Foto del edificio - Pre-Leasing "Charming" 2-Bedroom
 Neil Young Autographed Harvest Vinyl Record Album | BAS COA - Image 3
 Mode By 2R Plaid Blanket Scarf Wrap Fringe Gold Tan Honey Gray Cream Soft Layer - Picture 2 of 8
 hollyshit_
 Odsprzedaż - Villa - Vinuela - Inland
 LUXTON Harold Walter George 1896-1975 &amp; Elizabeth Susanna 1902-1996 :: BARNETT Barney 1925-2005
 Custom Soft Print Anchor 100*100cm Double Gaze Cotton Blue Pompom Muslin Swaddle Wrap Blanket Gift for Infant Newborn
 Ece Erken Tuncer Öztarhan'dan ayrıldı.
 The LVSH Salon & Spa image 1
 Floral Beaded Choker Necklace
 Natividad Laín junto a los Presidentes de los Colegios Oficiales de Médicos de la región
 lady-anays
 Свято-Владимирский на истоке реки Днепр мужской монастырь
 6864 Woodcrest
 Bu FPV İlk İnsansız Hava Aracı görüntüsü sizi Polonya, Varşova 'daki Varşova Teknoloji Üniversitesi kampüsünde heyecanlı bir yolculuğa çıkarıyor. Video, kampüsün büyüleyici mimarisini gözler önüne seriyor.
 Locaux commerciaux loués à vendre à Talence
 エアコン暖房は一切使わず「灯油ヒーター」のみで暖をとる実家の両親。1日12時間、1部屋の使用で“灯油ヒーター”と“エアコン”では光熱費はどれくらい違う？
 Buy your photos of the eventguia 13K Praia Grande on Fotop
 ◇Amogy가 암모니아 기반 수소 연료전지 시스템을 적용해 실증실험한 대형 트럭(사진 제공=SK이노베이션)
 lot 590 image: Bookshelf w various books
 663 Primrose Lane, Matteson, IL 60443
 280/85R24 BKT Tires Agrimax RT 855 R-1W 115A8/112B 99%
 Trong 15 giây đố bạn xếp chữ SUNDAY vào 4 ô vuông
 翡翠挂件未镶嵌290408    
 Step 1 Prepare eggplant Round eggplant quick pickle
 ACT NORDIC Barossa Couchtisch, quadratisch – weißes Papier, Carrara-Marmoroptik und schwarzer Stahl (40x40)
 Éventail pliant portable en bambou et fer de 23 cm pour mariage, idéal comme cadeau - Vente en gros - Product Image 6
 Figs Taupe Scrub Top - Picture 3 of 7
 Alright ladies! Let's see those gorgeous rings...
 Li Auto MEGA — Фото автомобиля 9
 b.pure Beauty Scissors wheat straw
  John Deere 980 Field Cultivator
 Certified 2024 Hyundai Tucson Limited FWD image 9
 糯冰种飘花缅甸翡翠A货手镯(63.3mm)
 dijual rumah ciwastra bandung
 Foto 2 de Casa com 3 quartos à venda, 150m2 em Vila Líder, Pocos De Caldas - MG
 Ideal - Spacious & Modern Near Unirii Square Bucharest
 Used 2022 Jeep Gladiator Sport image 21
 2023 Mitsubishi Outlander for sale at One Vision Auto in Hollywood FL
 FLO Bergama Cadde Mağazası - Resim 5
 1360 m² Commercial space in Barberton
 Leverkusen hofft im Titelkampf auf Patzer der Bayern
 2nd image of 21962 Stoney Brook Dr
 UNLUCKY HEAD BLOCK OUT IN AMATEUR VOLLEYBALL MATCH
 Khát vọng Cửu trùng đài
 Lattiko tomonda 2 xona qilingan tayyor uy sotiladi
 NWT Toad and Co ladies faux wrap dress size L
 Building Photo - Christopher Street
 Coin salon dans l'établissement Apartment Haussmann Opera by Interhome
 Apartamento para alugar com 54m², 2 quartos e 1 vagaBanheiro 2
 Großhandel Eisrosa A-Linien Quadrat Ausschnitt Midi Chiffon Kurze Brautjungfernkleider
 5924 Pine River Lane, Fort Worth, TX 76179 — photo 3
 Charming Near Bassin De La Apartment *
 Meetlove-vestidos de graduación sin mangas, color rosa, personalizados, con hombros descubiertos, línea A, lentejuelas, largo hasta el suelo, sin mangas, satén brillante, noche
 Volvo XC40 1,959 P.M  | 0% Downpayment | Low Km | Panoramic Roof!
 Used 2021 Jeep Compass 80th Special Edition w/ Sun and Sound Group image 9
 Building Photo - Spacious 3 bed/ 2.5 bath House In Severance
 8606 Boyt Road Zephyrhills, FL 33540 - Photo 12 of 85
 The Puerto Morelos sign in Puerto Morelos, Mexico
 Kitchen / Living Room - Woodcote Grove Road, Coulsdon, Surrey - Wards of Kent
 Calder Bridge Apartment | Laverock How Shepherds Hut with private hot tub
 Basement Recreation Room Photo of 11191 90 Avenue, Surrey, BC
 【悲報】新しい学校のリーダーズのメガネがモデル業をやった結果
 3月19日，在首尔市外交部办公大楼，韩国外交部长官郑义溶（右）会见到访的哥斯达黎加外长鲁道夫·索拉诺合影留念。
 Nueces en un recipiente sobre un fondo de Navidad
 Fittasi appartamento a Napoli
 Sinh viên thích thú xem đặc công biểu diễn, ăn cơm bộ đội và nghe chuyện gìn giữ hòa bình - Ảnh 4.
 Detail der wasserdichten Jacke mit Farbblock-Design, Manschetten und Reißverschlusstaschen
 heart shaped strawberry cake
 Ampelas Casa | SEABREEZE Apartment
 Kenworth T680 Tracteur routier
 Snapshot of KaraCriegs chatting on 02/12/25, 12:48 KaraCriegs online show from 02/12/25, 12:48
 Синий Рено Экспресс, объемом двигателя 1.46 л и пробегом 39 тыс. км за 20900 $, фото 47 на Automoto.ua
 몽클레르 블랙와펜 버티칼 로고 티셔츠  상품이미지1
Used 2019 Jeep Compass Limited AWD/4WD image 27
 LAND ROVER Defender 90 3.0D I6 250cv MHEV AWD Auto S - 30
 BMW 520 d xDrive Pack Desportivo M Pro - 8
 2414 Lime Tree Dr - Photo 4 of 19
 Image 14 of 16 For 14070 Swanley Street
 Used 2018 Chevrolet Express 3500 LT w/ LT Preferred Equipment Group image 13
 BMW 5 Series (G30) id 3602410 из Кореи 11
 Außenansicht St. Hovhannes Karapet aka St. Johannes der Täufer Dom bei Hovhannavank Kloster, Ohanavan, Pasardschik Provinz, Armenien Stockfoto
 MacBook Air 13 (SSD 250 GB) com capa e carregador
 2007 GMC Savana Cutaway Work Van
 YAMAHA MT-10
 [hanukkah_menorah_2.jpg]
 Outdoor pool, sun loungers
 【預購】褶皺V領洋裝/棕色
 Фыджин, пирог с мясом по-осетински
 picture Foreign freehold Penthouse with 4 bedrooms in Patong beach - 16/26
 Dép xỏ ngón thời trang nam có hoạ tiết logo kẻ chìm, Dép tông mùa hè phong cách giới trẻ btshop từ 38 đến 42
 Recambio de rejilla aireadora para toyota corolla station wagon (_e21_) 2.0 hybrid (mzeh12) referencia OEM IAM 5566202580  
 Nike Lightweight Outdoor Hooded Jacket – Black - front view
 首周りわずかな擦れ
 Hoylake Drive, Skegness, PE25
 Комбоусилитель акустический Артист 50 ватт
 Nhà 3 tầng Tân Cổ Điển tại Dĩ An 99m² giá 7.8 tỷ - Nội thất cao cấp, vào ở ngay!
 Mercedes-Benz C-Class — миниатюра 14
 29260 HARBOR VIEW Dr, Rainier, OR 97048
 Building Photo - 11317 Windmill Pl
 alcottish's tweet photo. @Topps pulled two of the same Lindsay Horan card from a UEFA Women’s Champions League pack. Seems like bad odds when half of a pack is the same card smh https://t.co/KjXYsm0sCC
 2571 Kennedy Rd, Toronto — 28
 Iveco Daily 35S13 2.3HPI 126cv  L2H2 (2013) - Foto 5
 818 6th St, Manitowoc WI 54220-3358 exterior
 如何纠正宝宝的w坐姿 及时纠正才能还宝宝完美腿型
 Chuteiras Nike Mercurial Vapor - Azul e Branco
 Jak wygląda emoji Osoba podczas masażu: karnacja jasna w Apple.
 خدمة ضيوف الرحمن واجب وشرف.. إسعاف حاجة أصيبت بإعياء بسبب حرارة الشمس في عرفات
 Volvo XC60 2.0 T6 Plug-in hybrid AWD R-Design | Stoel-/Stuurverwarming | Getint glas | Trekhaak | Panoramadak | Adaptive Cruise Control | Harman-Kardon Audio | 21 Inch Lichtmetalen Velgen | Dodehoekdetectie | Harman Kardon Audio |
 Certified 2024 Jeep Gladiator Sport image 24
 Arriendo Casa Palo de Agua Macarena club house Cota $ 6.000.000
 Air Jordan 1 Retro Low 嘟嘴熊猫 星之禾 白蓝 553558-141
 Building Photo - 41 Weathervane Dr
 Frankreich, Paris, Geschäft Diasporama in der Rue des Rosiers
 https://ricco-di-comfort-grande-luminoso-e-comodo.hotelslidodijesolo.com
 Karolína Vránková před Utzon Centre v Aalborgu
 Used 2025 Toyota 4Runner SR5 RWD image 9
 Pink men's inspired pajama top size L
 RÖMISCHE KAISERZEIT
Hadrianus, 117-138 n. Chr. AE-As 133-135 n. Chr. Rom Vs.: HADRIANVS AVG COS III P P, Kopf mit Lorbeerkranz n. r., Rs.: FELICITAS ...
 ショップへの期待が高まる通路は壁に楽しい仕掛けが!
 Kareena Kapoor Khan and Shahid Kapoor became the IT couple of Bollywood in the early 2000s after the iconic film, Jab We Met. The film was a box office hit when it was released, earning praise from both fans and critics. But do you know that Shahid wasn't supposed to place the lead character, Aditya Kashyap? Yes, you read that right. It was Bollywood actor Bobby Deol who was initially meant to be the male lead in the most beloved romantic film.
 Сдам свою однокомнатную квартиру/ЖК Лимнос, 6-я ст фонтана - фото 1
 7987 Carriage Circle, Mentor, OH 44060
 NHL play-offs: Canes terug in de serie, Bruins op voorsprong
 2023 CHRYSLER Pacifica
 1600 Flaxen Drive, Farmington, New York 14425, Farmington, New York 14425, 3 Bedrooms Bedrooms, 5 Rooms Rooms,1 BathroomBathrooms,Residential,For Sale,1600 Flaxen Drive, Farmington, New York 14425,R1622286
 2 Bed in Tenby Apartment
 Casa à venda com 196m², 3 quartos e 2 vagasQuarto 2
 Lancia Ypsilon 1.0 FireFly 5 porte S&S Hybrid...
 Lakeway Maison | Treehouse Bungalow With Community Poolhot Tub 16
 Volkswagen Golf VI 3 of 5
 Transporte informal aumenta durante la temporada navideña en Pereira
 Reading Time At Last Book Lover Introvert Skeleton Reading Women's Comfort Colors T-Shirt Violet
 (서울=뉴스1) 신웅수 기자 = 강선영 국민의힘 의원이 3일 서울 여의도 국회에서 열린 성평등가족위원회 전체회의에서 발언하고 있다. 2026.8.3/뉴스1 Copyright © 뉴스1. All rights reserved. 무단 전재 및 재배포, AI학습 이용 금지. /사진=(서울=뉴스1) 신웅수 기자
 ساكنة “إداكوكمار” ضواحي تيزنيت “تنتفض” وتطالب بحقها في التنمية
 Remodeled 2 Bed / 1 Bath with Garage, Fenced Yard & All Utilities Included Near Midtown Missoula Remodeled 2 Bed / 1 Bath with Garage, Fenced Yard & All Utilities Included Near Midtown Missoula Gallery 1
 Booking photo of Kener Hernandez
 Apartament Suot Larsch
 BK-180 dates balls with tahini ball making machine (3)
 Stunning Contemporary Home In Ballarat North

__________

Aim of the exercise:
A complete answer reproduces every line of the records in which the word "Women" occurs.

Result of the task:
 alcottish's tweet photo. @Topps pulled two of the same Lindsay Horan card from a UEFA Women’s Champions League pack. Seems like bad odds when half of a pack is the same card smh https://t.co/KjXYsm0sCC
 Reading Time At Last Book Lover Introvert Skeleton Reading Women's Comfort Colors T-Shirt Violet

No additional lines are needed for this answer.